Assignment = Using the entries below, output exactly the lines from the one containing "modern P904IBHNE piano" through the final line, both included, and no others.
::: Records shown :::
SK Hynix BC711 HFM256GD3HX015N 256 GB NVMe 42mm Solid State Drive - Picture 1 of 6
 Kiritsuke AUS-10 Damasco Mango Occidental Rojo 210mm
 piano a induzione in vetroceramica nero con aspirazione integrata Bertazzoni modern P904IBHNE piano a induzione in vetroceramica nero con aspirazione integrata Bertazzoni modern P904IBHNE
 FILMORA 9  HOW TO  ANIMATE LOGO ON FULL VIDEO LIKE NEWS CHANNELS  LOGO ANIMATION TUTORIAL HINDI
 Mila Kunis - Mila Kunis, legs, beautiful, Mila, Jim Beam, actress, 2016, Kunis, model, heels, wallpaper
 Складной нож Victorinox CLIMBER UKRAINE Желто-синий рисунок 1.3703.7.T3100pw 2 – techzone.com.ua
:::
Exercise output =
 piano a induzione in vetroceramica nero con aspirazione integrata Bertazzoni modern P904IBHNE piano a induzione in vetroceramica nero con aspirazione integrata Bertazzoni modern P904IBHNE
 FILMORA 9  HOW TO  ANIMATE LOGO ON FULL VIDEO LIKE NEWS CHANNELS  LOGO ANIMATION TUTORIAL HINDI
 Mila Kunis - Mila Kunis, legs, beautiful, Mila, Jim Beam, actress, 2016, Kunis, model, heels, wallpaper
 Складной нож Victorinox CLIMBER UKRAINE Желто-синий рисунок 1.3703.7.T3100pw 2 – techzone.com.ua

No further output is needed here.